WORK ITEM: Once you find the line with "白い梅の花 白い梅の花 118376507" in the listing below, set down exactly every line from it through the line with "Mapa z adresem organizacji", but no pictures.

MATERIAL PROVIDED:
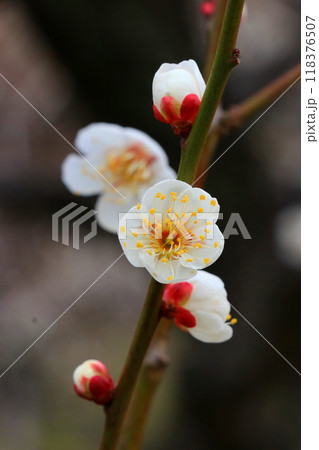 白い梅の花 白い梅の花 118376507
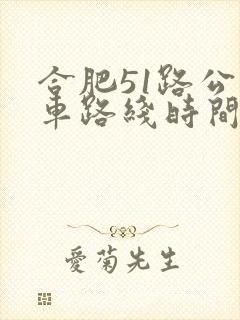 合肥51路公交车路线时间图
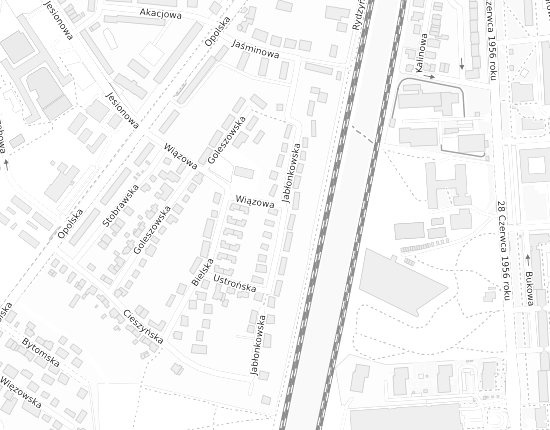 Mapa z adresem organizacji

---

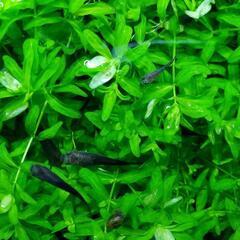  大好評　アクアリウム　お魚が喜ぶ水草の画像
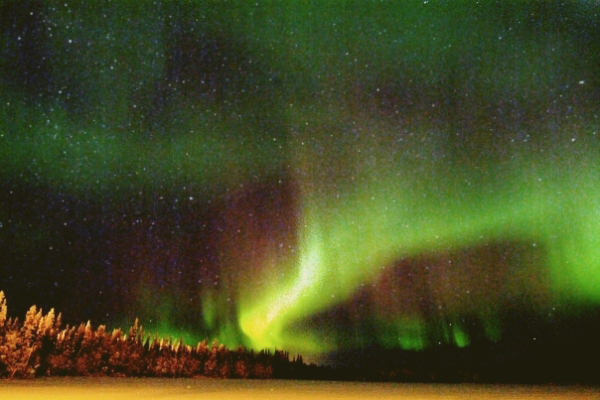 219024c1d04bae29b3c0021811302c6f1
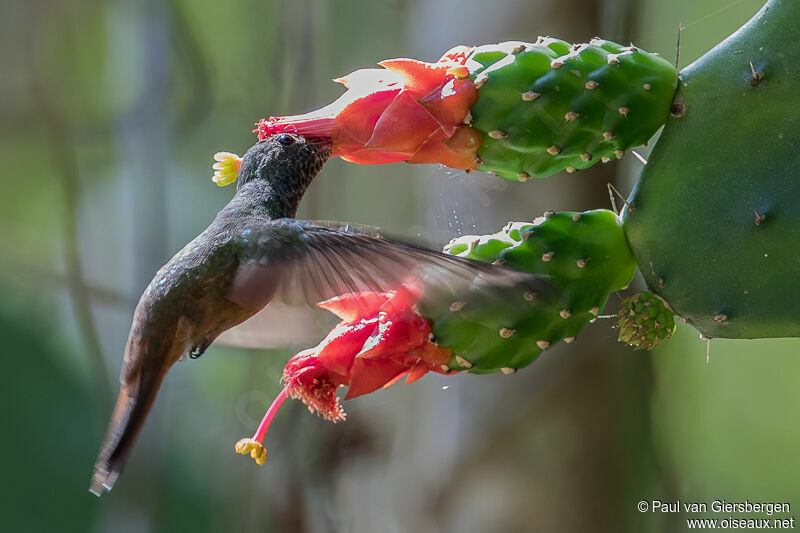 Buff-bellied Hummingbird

RESULT OF THIS TASK:
 白い梅の花 白い梅の花 118376507
 合肥51路公交车路线时间图
 Mapa z adresem organizacji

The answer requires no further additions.